In his decision, Gorsuch cited the dictionaries Public Justice and CAC presented as evidence to side with Oliveira and deliver a progressive victory for workers.
“What New Prime illustrated was that progressives can achieve victory by really making the arguments in the way that are going to resonate with a Justice Gorsuch, a Justice [Clarence] Thomas, who wants to really focus on the text rather than simply making policy arguments,” Gorod said.
These progressive textualist arguments are what Slate’s Mark Joseph Stern labeled the “Gorsuch brief.” As the court’s most dedicated textualist, Gorsuch has become a favored target of progressive briefs grounded in text-based arguments. New Prime wasn’t the only case where progressives succeeded by tailoring their arguments to Gorsuch.

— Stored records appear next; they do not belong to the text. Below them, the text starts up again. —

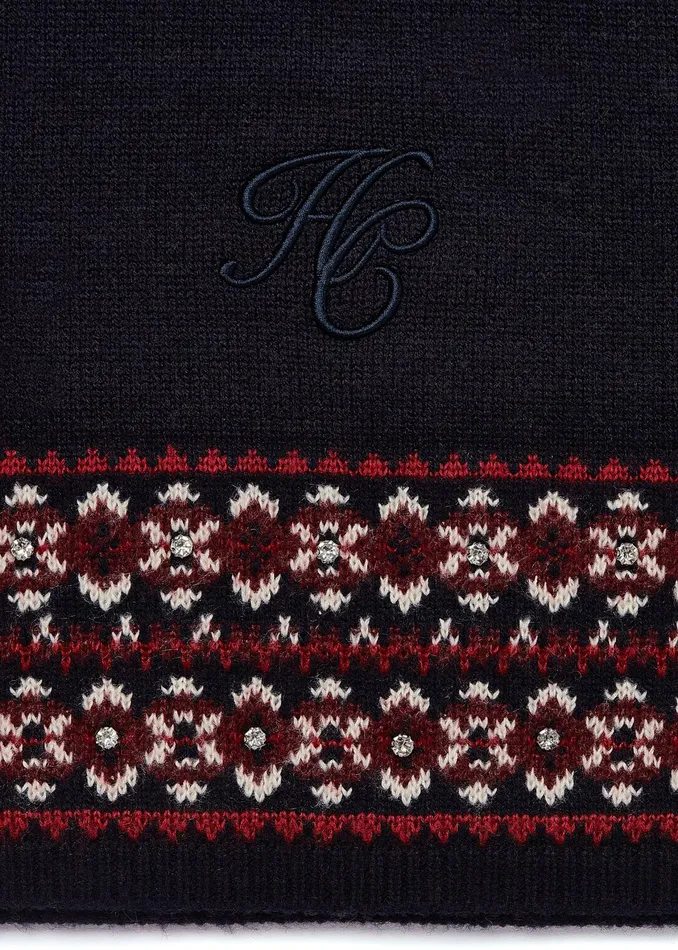 Holland Cooper Jennifer Fairisle Scarf Ink Navy Women Scarves Holland Cooper Jennifer Fairisle Scarf Ink Navy Women Scarves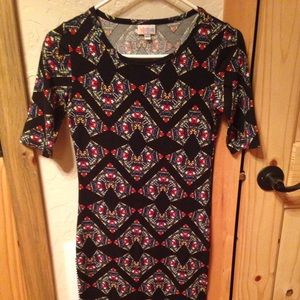 LulaRoe Julia black red yellow geometric XXS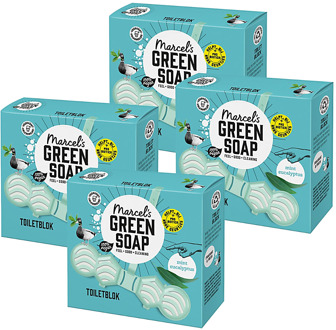 Marcel's Green Soap Toiletblok Munt & Eucalyptus Multipack x4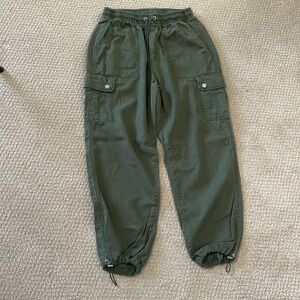 Time and Tru Cargo Jogger Parachute Pants Olive Green Lyocell XS 0-2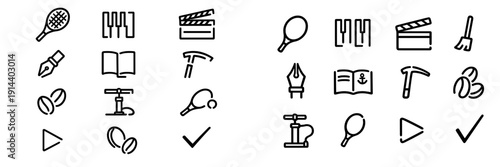 Collection of minimalist line icons representing sports music cinema writing literature tools and coffee on white background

As Stern notes, Gorsuch appeared receptive to progressives’ arguments in the 2018 Nielsen v. Preap case that could decide when the government can detain undocumented immigrants who have committed a crime. The ACLU, representing Mony Preap and other respondents, argued that the text of the law in question said these immigrants can only be put in detention “when the alien is released” from criminal custody. The Trump administration said they could detain the immigrants at any time after release.
“In some sense, Supreme Court litigation is about arguing to targets and about who one sees as the swing votes potentially,” said Praveen Fernandes, CAC’s vice president for outreach.
CAC hopes its textual arguments, in cases still moving through the courts, will be compelling enough if they reach the Supreme Court. They have already been successful in a lower court with their arguments in the emoluments case against Trump.
“That’s a good example of a legal question that wasn’t something that anyone was thinking about a couple of years ago,” Gorod said. “But we looked to the Constitution’s text and its history and what the framers were trying to accomplish when they included the foreign emoluments clause in the Constitution.”
The district court judge overseeing the case agreed with CAC’s arguments that the definition of emoluments includes business transactions like a rented hotel room or a government gifting the president with a trademark and that the Constitution’s authors intended for the clause to apply to the president. It was a major win for a landmark case that is almost certain to be heard by the Supreme Court.
CORRECTION: A previous version of this story mistakenly indicated the Nielsen v. Preap case has already been decided.